In a family with the generalized form of epidermolysis bullosa simplex, Bonifas et al. (1991) found linkage to markers on chromosome 17 and identified a point mutation in the KRT14 gene (L384P; 148066.0001).
In affected members ... In a family with the generalized form of epidermolysis bullosa simplex, Bonifas et al. (1991) found linkage to markers on chromosome 17 and identified a point mutation in the KRT14 gene (L384P; 148066.0001). In affected members of a large Irish family with generalized EBS, Humphries et al. (1993) identified a heterozygous mutation in the KRT14 gene (M272R; 148066.0007). In affected members of a large Finnish family with the generalized Koebner type of EBS in which Ryynanen et al. (1991) found linkage to 12q, Dong et al. (1993) identified a heterozygous mutation in the KRT5 gene (L463P; 148040.0002). In affected members of a family with autosomal dominant epidermolysis bullosa simplex, Stephens et al. (1995) identified a heterozygous mutation in the KRT5 gene (K173N; 148040.0006). One family member was homozygous for the K173N allele, having inherited it from each of her affected first-cousin parents.

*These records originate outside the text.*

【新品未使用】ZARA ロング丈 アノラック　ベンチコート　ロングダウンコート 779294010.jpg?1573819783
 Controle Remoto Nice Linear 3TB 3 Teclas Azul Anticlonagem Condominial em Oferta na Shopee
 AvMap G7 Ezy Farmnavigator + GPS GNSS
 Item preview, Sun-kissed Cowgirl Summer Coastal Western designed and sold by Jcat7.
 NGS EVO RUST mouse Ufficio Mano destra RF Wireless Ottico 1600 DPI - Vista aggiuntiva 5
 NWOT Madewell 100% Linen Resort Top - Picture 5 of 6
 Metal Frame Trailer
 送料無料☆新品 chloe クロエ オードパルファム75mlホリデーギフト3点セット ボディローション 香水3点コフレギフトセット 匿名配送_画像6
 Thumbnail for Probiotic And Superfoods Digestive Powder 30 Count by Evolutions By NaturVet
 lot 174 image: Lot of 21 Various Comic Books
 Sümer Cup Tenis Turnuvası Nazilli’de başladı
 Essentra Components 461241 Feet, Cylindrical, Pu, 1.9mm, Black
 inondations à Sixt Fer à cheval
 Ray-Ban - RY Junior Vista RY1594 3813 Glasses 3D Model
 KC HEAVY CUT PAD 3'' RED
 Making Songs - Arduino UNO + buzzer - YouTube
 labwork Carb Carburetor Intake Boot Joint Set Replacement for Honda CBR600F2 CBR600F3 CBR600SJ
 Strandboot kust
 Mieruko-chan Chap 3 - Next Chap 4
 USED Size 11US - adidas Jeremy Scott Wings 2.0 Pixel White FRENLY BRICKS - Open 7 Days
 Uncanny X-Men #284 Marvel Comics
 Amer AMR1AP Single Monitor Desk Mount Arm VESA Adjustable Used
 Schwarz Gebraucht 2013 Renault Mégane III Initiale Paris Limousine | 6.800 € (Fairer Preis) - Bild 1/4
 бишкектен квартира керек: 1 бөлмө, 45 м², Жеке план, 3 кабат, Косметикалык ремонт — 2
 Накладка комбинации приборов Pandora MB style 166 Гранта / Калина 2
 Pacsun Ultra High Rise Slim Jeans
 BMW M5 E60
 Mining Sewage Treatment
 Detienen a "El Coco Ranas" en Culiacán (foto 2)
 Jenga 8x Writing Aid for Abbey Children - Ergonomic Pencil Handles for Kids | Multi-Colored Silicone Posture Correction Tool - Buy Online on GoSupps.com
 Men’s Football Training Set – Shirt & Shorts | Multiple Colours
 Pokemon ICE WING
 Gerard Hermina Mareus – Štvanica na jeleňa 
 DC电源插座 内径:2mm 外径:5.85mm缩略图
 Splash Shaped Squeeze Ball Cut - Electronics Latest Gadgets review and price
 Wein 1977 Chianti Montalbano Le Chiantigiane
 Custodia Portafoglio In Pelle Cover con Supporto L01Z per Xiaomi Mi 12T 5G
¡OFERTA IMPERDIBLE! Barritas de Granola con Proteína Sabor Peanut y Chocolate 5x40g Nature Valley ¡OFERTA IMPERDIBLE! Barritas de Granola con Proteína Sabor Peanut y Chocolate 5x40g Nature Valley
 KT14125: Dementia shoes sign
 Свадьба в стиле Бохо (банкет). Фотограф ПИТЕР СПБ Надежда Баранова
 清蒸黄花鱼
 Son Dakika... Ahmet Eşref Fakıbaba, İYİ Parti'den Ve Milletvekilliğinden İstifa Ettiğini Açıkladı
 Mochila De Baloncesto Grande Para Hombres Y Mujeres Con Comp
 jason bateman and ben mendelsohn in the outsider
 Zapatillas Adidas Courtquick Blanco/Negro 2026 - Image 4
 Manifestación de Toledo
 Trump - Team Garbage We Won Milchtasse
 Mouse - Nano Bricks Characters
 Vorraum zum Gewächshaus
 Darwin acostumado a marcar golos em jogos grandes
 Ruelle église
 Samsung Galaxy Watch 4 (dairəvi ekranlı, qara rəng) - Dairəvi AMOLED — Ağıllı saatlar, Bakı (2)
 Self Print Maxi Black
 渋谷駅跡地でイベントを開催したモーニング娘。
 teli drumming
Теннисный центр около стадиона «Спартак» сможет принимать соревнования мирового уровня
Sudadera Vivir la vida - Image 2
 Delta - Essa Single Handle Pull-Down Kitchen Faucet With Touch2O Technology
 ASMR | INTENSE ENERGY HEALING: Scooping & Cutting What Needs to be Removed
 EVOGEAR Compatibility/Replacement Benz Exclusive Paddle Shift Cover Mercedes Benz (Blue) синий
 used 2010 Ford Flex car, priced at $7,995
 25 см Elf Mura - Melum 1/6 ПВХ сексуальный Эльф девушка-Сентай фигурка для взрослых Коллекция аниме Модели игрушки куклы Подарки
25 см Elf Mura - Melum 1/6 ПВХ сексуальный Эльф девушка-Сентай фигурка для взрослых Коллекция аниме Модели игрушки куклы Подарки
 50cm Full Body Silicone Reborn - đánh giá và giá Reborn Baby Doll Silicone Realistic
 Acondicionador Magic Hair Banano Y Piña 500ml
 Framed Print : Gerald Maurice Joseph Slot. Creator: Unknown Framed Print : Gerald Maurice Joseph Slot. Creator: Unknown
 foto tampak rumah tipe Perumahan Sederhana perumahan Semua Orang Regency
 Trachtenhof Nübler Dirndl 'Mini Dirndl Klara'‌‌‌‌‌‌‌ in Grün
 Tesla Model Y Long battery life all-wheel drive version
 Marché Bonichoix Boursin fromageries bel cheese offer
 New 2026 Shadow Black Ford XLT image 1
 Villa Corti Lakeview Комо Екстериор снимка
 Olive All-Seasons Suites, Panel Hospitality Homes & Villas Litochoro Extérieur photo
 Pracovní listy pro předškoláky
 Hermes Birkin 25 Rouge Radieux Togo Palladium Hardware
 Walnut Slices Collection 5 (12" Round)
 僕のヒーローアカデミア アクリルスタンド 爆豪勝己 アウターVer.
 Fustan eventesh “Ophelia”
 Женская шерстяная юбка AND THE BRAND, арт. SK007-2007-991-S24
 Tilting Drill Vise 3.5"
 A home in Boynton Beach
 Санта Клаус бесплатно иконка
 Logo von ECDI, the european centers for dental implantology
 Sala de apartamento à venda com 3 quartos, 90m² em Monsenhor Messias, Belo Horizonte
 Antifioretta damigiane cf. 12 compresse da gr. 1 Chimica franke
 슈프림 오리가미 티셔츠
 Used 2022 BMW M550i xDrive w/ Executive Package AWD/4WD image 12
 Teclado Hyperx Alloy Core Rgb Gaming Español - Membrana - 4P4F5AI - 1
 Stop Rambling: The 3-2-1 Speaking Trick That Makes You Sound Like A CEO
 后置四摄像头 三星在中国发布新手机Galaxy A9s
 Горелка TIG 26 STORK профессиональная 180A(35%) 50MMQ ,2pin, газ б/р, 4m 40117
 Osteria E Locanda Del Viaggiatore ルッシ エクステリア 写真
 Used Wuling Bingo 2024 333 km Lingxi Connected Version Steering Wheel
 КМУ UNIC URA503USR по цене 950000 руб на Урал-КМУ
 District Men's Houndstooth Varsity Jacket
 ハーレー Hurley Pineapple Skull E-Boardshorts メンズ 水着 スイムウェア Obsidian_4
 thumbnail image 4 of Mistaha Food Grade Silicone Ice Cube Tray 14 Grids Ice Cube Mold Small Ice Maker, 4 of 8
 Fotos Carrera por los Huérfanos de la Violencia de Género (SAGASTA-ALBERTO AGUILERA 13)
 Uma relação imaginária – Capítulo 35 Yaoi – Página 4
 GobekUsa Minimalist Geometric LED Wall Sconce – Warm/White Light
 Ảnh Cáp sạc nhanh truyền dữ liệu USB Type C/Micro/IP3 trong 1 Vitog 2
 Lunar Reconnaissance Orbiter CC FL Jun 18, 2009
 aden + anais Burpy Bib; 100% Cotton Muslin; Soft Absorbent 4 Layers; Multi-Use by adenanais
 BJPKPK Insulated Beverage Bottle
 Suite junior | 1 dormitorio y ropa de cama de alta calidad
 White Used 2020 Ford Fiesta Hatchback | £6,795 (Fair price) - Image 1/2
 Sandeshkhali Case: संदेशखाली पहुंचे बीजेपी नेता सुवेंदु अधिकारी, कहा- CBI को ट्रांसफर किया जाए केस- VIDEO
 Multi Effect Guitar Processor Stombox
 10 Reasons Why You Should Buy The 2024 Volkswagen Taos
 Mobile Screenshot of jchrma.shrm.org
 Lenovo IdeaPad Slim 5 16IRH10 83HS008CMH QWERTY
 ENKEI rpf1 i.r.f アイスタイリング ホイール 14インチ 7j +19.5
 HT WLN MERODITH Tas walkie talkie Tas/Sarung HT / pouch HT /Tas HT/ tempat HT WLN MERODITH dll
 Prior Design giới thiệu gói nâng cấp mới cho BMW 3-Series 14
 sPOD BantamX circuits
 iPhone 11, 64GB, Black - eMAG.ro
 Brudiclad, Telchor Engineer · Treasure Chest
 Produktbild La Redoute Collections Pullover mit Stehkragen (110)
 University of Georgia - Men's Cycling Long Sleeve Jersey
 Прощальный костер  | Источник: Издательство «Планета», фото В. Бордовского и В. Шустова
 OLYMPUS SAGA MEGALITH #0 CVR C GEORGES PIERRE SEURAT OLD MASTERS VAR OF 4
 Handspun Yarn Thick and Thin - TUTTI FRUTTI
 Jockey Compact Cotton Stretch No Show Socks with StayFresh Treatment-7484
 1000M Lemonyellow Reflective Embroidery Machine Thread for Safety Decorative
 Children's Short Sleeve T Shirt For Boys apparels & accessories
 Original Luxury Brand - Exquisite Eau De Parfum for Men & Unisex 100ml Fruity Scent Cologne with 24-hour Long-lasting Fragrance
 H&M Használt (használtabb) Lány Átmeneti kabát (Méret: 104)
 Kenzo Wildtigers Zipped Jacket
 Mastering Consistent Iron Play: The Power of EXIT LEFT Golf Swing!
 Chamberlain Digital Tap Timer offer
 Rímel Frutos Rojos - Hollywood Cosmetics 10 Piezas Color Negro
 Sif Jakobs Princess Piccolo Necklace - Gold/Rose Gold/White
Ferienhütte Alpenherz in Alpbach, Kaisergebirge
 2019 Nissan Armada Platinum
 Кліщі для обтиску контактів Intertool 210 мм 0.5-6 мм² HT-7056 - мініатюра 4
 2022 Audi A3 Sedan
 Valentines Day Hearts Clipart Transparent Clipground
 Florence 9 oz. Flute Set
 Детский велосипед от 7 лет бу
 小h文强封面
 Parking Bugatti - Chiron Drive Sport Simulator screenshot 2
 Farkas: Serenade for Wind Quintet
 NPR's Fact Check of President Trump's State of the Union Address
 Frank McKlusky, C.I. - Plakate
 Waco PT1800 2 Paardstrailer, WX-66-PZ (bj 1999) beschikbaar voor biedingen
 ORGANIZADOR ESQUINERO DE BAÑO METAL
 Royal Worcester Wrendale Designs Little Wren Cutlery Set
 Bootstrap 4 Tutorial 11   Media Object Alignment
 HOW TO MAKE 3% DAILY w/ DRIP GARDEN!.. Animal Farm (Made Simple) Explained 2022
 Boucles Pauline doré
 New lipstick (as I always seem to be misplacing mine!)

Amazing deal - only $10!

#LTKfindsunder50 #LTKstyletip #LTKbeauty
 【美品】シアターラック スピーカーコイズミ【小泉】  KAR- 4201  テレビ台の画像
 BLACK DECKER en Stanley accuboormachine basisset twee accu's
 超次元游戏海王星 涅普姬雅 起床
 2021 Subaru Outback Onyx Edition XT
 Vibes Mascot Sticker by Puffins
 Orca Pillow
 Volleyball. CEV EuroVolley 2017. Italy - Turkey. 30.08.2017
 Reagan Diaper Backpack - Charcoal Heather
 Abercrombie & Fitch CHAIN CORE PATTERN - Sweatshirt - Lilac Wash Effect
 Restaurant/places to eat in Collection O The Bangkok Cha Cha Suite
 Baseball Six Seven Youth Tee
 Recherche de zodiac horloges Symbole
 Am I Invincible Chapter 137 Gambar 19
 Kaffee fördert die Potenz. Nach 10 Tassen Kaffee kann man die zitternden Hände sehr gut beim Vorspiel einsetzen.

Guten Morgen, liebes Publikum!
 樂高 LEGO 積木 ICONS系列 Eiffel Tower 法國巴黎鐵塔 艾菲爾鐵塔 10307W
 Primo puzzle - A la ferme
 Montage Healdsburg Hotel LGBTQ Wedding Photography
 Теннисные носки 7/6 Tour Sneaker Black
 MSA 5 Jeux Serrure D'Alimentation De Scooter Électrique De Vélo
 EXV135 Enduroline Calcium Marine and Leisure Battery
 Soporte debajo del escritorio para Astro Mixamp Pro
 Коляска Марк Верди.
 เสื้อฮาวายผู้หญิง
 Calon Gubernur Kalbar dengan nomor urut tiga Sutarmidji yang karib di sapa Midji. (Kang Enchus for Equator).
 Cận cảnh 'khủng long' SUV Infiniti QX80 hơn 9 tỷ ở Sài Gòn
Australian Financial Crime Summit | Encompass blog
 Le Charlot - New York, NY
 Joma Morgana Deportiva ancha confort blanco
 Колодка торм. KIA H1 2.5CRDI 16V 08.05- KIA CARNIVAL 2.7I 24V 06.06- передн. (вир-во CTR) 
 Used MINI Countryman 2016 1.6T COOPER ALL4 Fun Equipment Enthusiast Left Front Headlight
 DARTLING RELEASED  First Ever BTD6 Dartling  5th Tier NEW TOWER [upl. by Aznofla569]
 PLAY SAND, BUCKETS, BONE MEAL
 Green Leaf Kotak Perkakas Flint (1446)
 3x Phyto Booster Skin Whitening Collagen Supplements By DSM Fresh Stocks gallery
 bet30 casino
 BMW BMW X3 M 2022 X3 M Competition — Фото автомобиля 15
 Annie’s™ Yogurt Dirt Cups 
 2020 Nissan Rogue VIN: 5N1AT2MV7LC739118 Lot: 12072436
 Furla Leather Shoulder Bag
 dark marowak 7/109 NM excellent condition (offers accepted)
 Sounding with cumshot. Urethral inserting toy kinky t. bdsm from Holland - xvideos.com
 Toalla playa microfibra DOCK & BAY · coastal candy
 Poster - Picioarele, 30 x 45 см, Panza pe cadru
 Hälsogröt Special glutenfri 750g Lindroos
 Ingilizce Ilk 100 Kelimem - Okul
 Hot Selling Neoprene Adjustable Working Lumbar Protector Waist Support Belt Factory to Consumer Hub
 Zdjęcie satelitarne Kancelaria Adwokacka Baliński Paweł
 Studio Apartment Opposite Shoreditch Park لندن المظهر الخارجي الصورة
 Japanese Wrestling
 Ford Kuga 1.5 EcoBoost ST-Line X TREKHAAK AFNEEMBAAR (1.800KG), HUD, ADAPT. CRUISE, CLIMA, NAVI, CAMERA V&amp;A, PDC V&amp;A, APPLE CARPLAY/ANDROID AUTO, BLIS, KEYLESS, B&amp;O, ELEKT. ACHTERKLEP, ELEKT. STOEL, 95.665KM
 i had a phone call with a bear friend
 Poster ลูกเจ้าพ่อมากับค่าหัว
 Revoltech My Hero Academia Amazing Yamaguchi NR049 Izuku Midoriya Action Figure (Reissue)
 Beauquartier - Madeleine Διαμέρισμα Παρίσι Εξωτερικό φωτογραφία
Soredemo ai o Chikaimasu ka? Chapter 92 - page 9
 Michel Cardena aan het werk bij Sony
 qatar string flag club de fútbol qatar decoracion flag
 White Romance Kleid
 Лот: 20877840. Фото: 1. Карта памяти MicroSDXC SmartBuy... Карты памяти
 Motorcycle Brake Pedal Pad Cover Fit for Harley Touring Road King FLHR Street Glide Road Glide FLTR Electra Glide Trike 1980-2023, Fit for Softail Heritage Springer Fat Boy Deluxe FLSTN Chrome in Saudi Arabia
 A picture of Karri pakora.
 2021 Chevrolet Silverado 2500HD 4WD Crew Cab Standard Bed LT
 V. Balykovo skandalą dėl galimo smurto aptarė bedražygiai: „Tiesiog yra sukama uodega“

However, this patient showed no significant differences in either the clinical severity or the ultrastructural organization of the homozygous keratin intermediate filament cytoskeleton. These data demonstrated that the K173N mutation behaves as a fully dominant allele. Among 18 families with various forms of EBS, Pfendner et al. (2005) identified KRT5 mutations in 7 probands and KRT14 mutations in 11 probands, indicating that mutations in either gene can result in EBS at approximately equal frequencies. A large number (15 of 18) were de novo mutations. The clinical spectrum was highly variable.